Input material section start
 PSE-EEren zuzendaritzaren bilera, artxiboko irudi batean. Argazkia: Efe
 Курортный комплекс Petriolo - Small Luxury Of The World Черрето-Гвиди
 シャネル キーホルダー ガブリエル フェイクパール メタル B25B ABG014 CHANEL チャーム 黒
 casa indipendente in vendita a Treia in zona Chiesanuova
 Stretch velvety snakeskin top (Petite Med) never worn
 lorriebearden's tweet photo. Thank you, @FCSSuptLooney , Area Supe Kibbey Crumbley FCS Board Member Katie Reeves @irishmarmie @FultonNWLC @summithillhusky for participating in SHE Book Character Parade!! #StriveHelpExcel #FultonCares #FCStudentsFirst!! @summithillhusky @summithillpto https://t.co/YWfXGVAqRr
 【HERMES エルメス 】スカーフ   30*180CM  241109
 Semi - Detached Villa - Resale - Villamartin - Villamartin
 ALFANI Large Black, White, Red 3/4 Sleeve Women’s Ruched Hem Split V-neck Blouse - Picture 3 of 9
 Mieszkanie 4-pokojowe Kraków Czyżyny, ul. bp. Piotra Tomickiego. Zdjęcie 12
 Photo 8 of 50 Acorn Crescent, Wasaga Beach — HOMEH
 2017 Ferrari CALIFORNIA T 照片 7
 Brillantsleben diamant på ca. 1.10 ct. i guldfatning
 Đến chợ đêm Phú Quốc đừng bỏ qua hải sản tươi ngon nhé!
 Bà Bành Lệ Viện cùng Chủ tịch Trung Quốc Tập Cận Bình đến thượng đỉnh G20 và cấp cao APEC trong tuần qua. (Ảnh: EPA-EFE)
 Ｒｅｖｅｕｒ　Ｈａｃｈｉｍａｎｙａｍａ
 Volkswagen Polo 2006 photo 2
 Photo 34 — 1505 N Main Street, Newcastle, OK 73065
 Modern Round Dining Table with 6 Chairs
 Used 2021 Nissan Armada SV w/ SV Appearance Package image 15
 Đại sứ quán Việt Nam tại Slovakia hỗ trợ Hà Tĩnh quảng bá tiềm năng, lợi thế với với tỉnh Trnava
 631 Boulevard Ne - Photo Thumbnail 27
Input material section end
Your assignment —
Provide the count of lines in the records above that hold the word "Quốc", with no other text.

Result of the exercise —
2